The premise is simple really: Sanborn turns the stage over to one of his many collaborators for a solo number, and then joins them onstage in a supporting role, and for each guest, every one of which have rubbed off on Sanborn in one way or another over the years, the band returning to the stage gradually expands by one. As the ensemble grew from a duo to a trio and on and on, the music got more and more dynamic, with Brad Cook of Megafaun adding his raw acoustic sensibility, William Tyler of Lambchop contributing his echoing, looping guitar work and drummer Joe Westerlund introducing the dark, eccentric children’s character Grandma Sparrow.

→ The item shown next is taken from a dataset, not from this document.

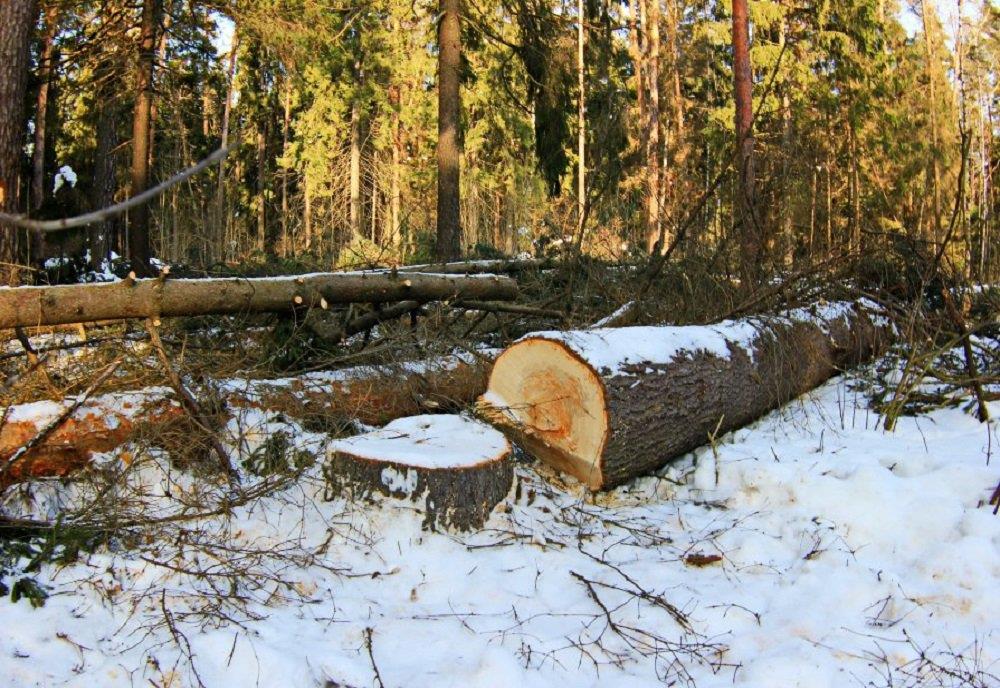 Более 6 гектаров леса незаконно вырубили череповецкие бизнесмены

More a curator than a host or star, Sanborn introduced every new addition to the band with an affectionate, off-the-cuff remembrance of how they became acquainted, and how each influenced his particular playing style.
As the night wore on, more and more members joined the group, which collectively formed a portrait of Sanborn’s own personal musical arc, one that became progressively richer as Amelia Meath and Alexandra Sauser-Monnig of Mountain Man and Field Report leader Christopher Porterfield entered the equation. The narrative, as well as the music, which ranged from stark alt-country to off-beat experimentalism and accessible, earworm indie-pop, was, as advertised, of a very personal nature, as was the setup of the concert itself, with the few dozen guests seated around the musicians on an unadorned stage, the Pitman Theatre’s art deco fixtures looming in the hulking darkness where, under usual circumstances, a crowd would be. The intense intimacy of the presentation was, again, appropriate to the content of show itself, the revealing story of an exceptionally open and industrious sideman, one which would never be told were it not for Alverno Presents.